Here's one with clear relevance to the mobile reading experience:

This one makes the call to action crystal clear and funnels everyone who sees the email toward one particular choice while also cultivating a sense of limitless selection:

What You Have to Lose

Consumers can always make the choice not to choose, and then everyone loses.

Consumers who become paralyzed by too many decisions often do nothing at all, since they can’t categorize, rationalize, or process what needs to happen to make that decision. In these cases, it's not just a marketing fail, it doesn't serve anyone. There's no sale for you, but the consumer also misses out on the perfect pair of marathon sneakers.

So, which brands are winning at this? A great example is Trunk Club, the personalized clothing service for men that was acquired by Nordstrom last year. Mixing old school service with a slick app and other digital tactics, Trunk Club’s 250 personal stylists get to know members’ tastes and preferences before making wardrobe selections and shipping them off. The result is a curated experience that doesn't feel limited. I don’t need a lot of choices when I feel that there's an expert who sees the full selection and makes these decisions for me.

This is just one example of how a brand can provide the feeling of freedom while very precisely targeting products based on data. The idea of a human expert makes the filtering less unsettling. But most startups can find their groove through constant experimentation and iteration. That's how I've seen it evolve in the right direction for most marketers. The key is to know that you're working with this paradox to begin with, and that over-personalization is just an easy answer, not necessarily the right one.

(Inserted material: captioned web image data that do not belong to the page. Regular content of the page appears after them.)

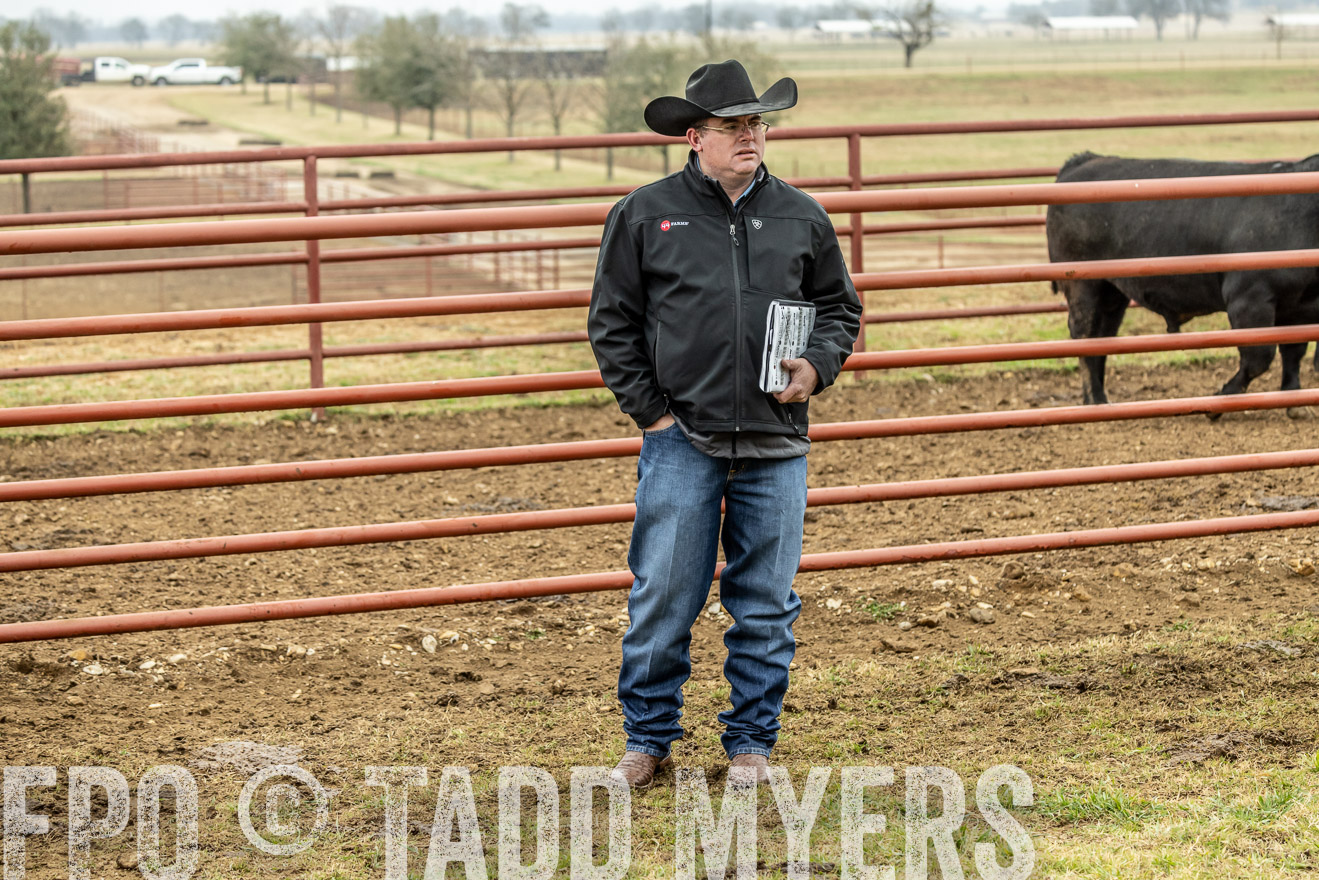 44Farms_Cameron_SpringBullSale_Feb2022-521412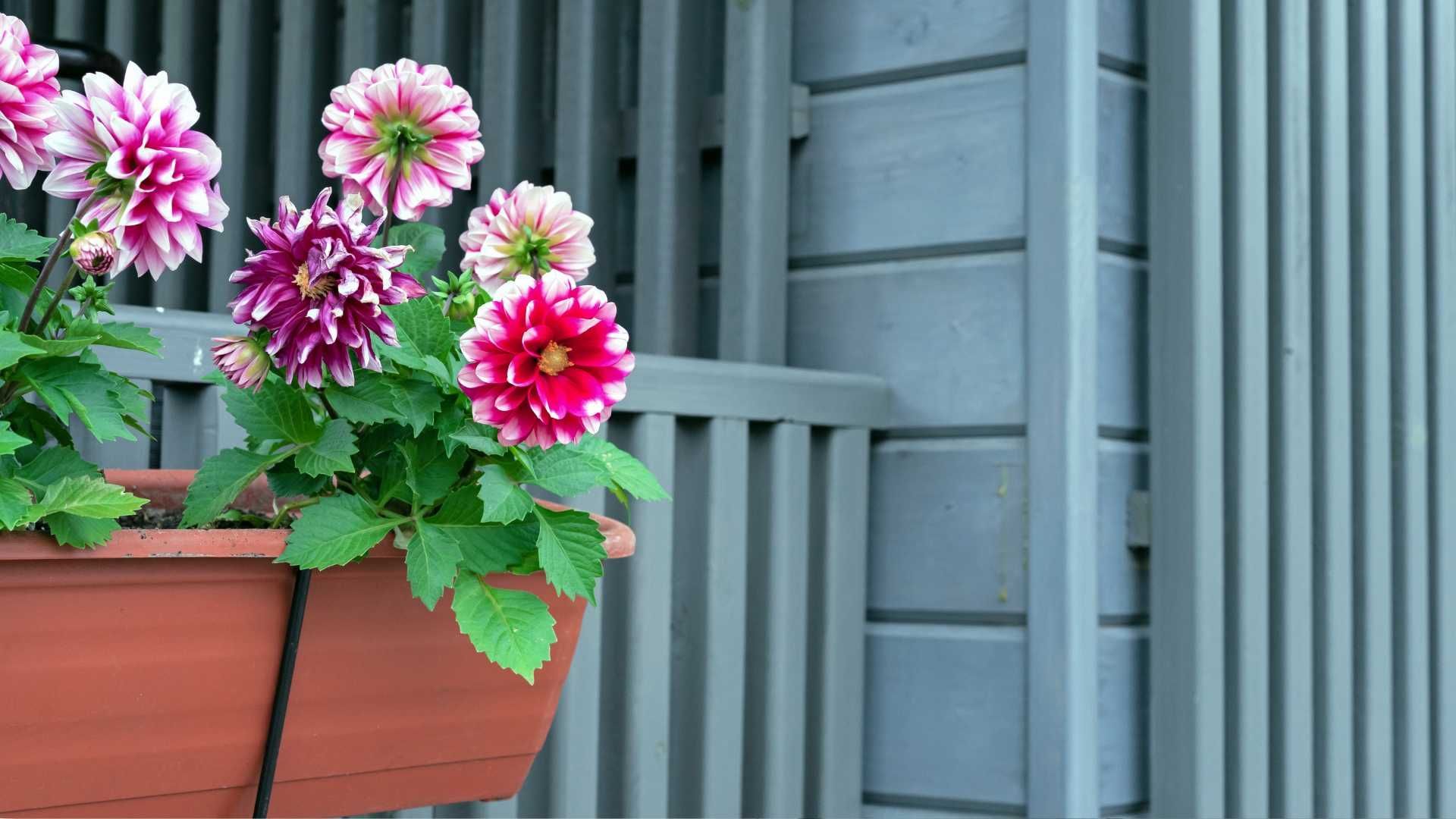 Cachepots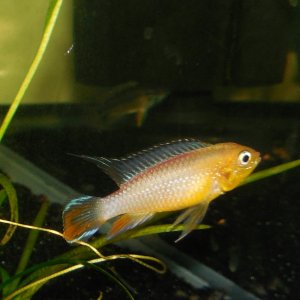 Agassizi Fire Red Male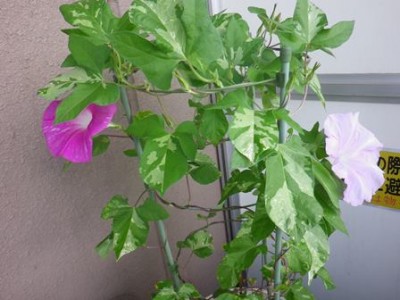 ピンクと白っぽいの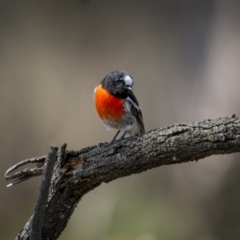 Petroica boodang (Scarlet Robin) at Mount Ainslie - 30 Mar 2023 by trevsci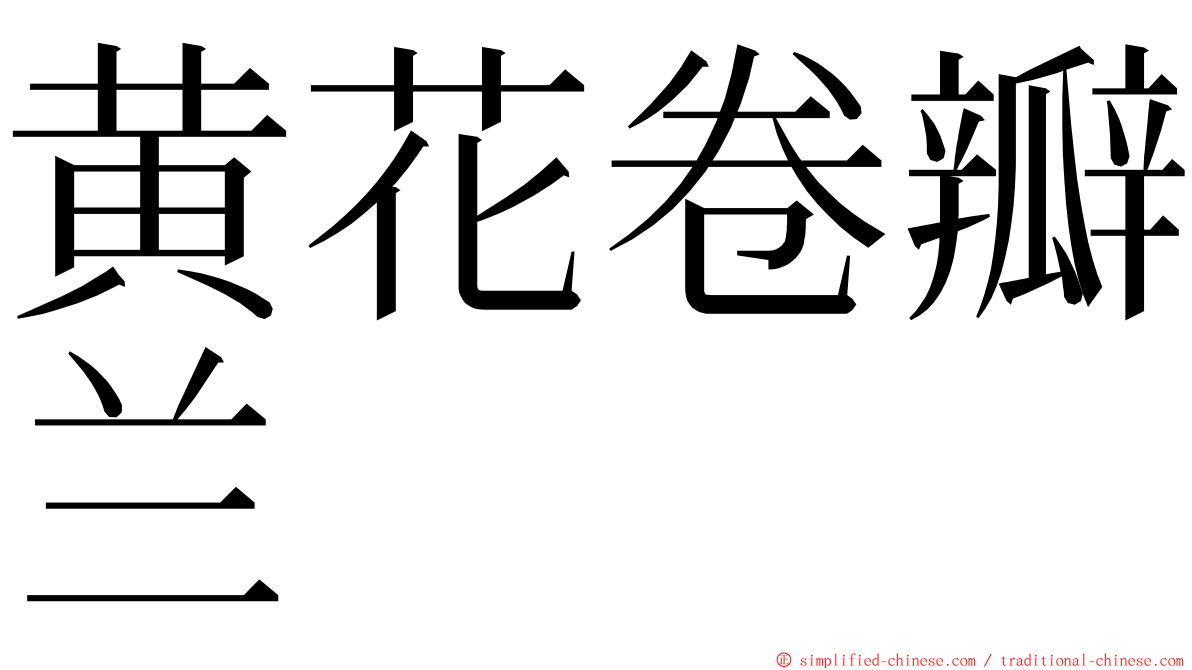 黄花卷瓣兰 ming font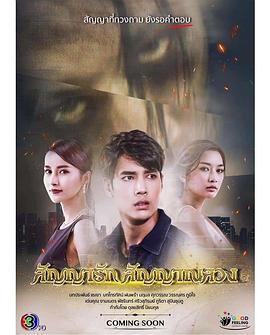 假爱迹象 สัญญารักสัญญาณลวง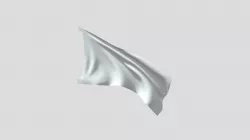Flag Loop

With seemingly endless choice and opportunity just a click away, paired with the increase in personalization sophistication, there’s a real tug-of-war. As a consumer, do I want choice, or do I just think I want choice? And as the marketer, should I be making those choices for consumers, and if so, how deep should I go?

In the end, without creating the affinity and comfort that comes from relevance, your brand will ultimately alienate consumers. Even those consumers like me who have been conditioned to think more, more, more is always better.